Authors: M.J. Rodgers
Jack shook his head. “You can’t. As soon as the sheriff learns what you’re doing, Staker’s going to know.”
“I understand this puts you in a bind, but—”
“It’s not me in a bind, here. If you don’t find the woman and make her tell the truth in time for Connie’s trial, all we’ll have is the E.R. doctor’s statement. The deputy obviously believed the woman, which is why Bruce was never charged. Staker has what he needs to convince the jury that the unidentified woman was the one driving.”
“Jack, I’m not working on your case. I’m working on a hit-and-run.”
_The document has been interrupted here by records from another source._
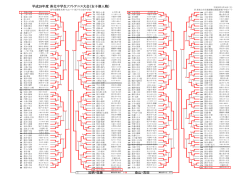 女子個人戦
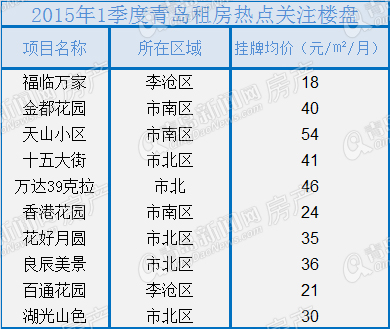 二手房,房价,青岛二手房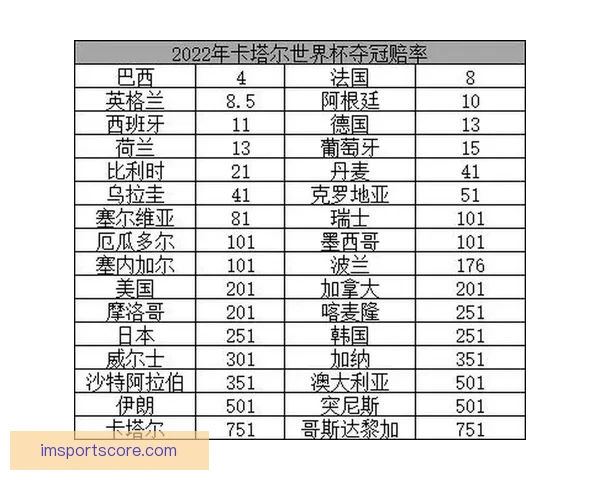 世界杯竞猜赔率变化趋势解析与背后资金流向和比赛结果预测深度观察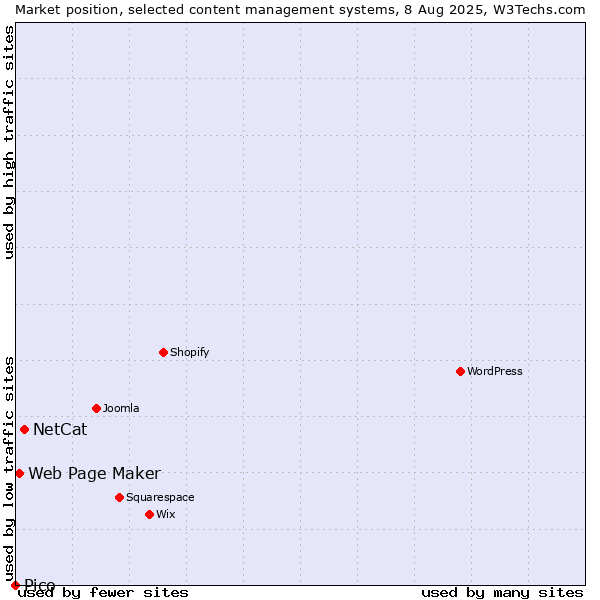 Market position of NetCat vs. Web Page Maker vs. Pico
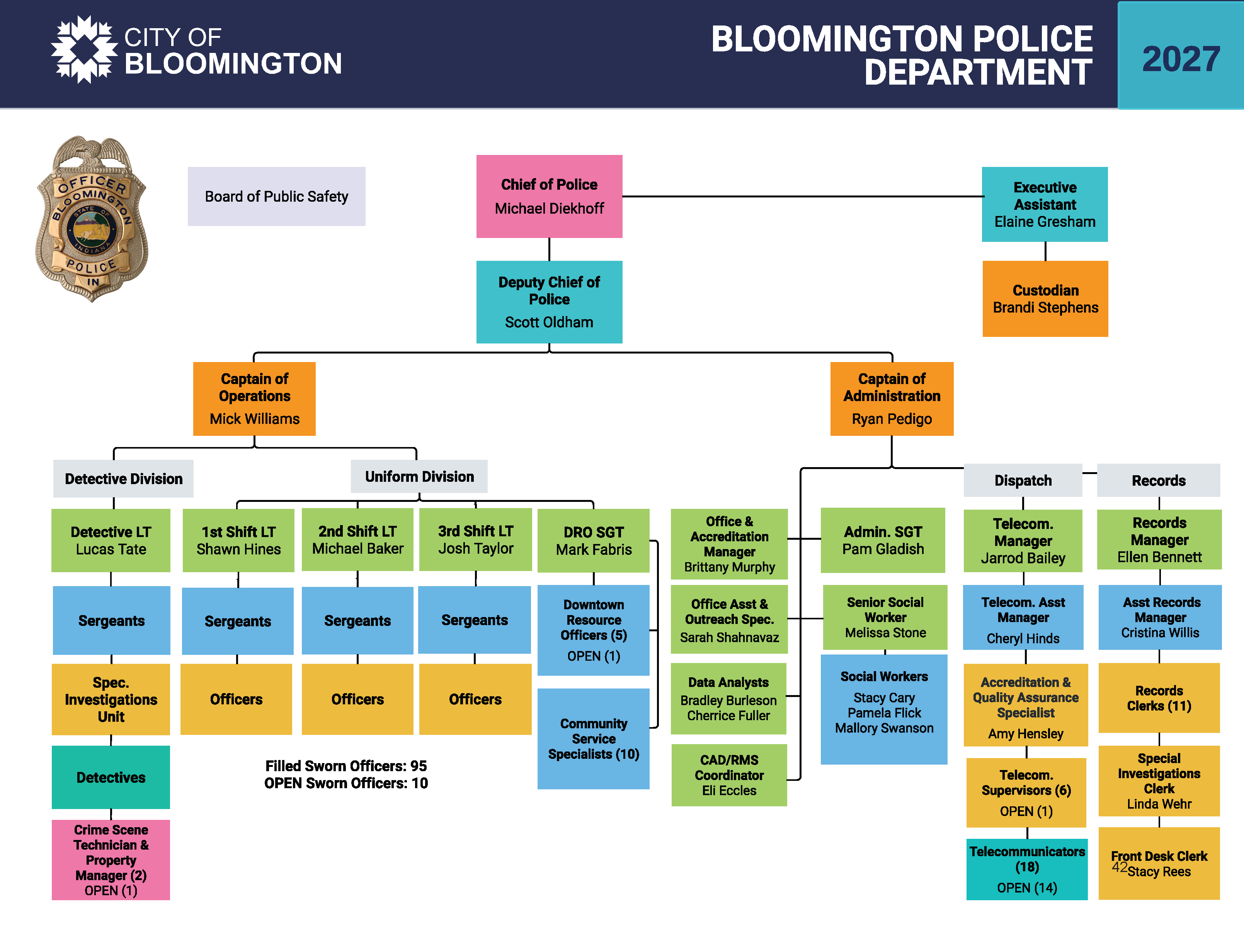 Image of an organizational chart of the BPD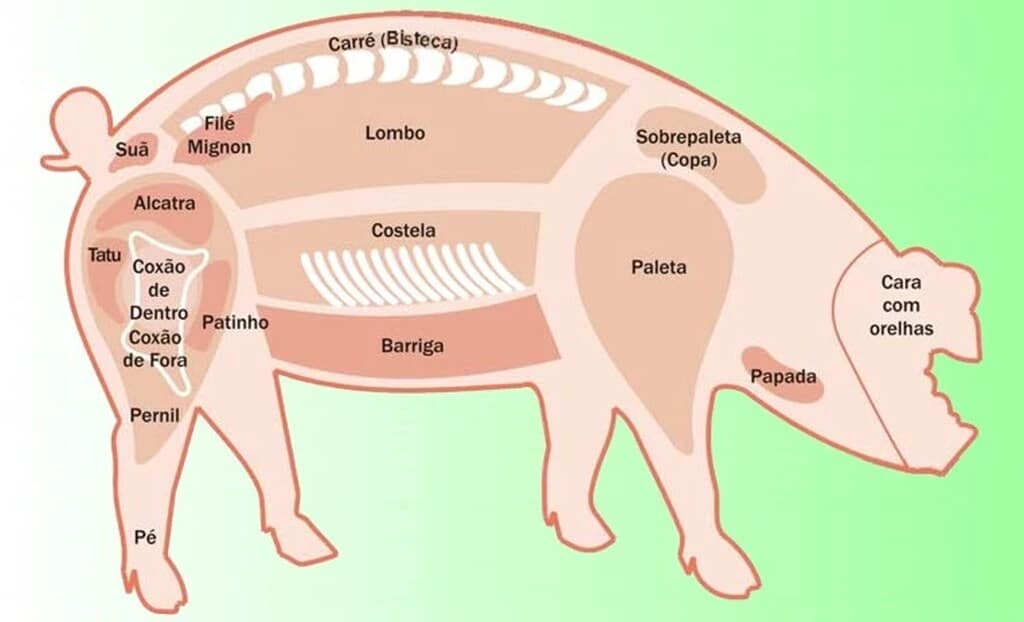 tipos de carne de porco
“Which you wouldn’t know about if I hadn’t told you. If Staker convinces the jury that Bruce wasn’t responsible for the hit-and-run of Connie’s child, he can spin the facts to make Bruce look like an innocent victim of Connie’s revenge.”
Jared exhaled tiredly. “Look, there’s a woman out there who’s either committed a crime or is an accessory to one. It’s my sworn duty to bring her in.”
“All I’m asking is that you do it without telling the sheriff.”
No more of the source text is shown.